• _Task objective_: Print, with no pictures, the exact lines that run from the one containing "Scarlett_Queenn_ live cam on StripChat" through the last line of the material below, both ends included.

• _Data below_:
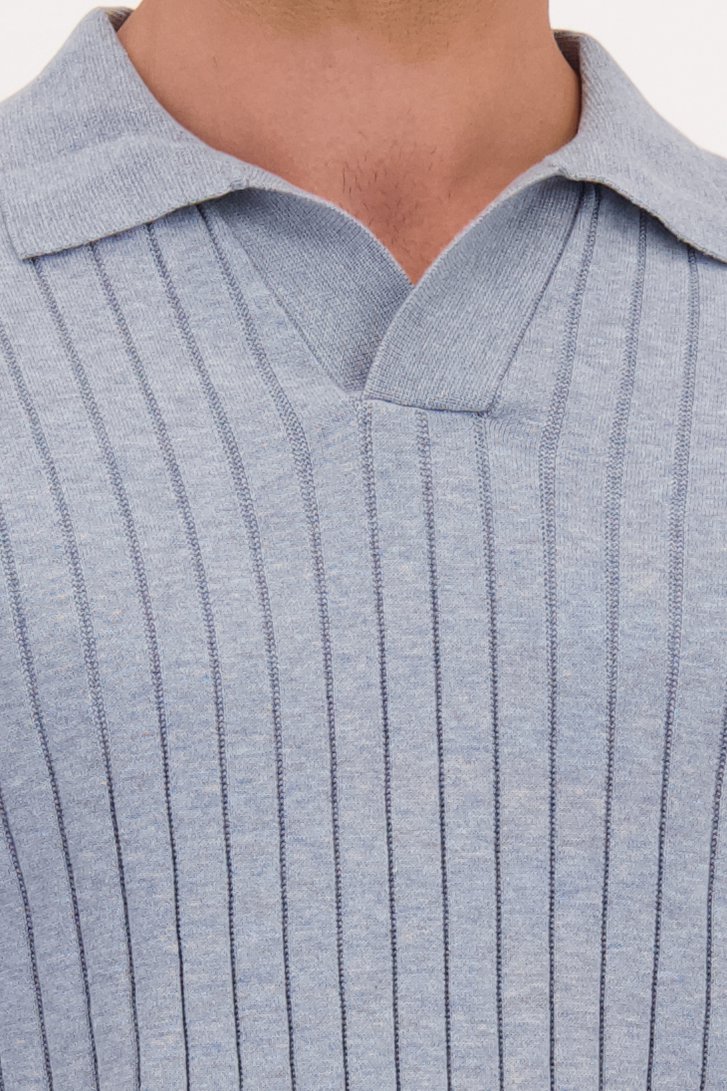 Détail de Polo bleu en maille à manches courtes de Upper East pour Hommes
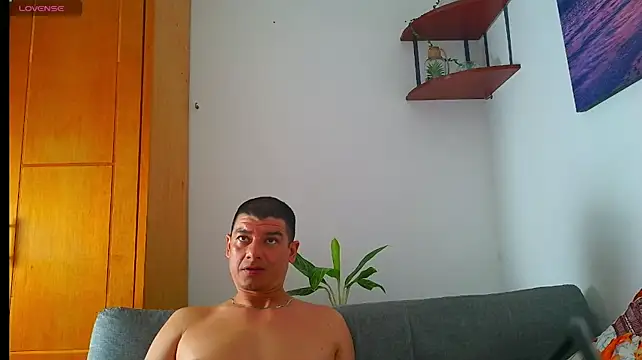 Scarlett_Queenn_ live cam on StripChat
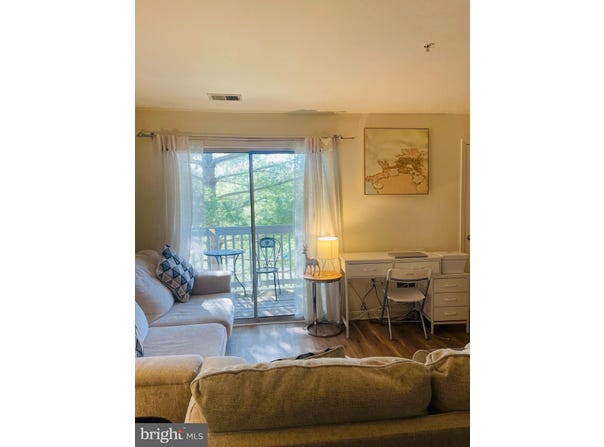 673 CONSTELLATION SQUARE SE, LEESBURG, VA 20175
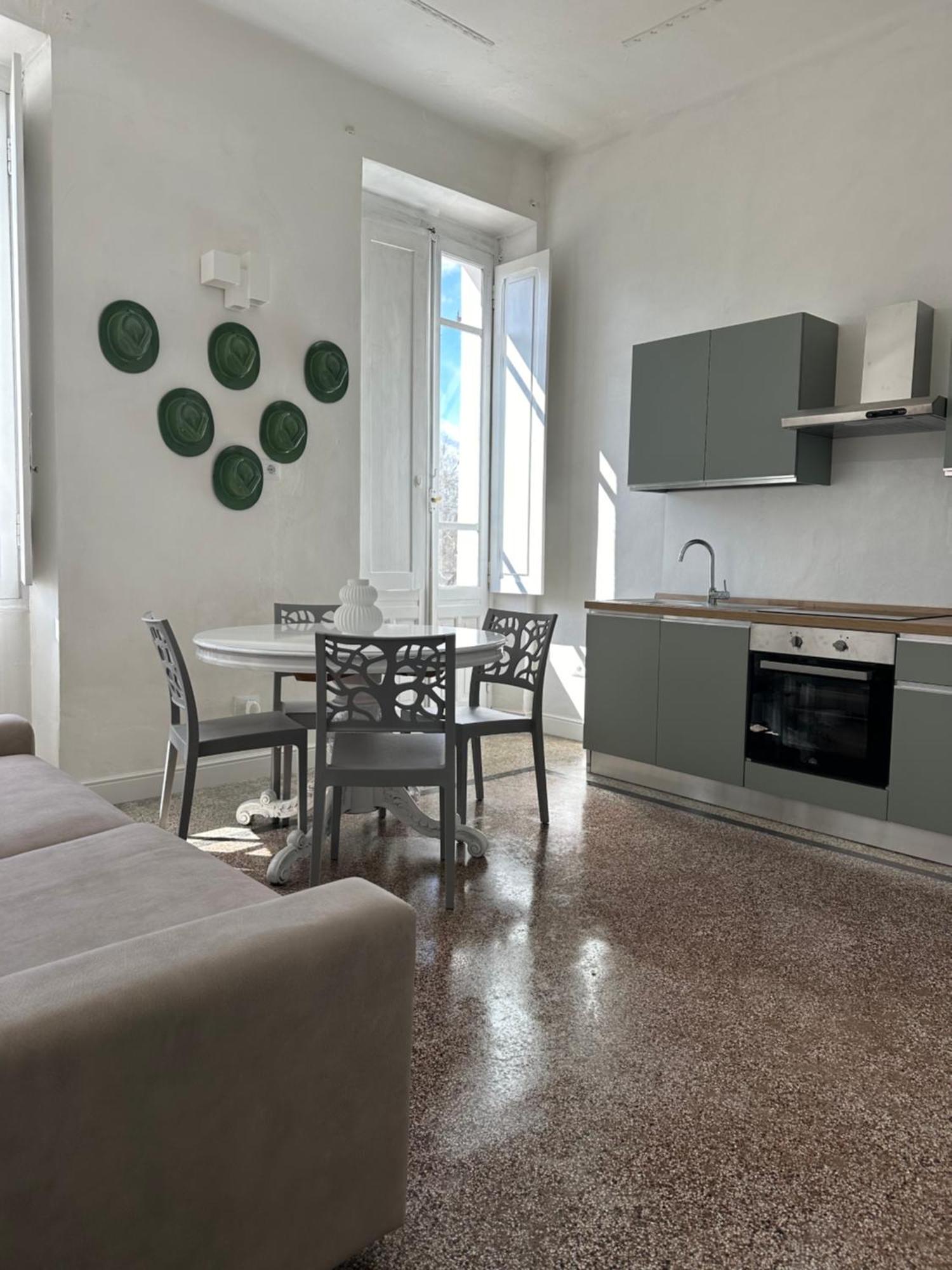 Palazzo Pilo Bed and Breakfast Sassari Buitenkant foto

• _Reply_:
 Scarlett_Queenn_ live cam on StripChat
 673 CONSTELLATION SQUARE SE, LEESBURG, VA 20175
 Palazzo Pilo Bed and Breakfast Sassari Buitenkant foto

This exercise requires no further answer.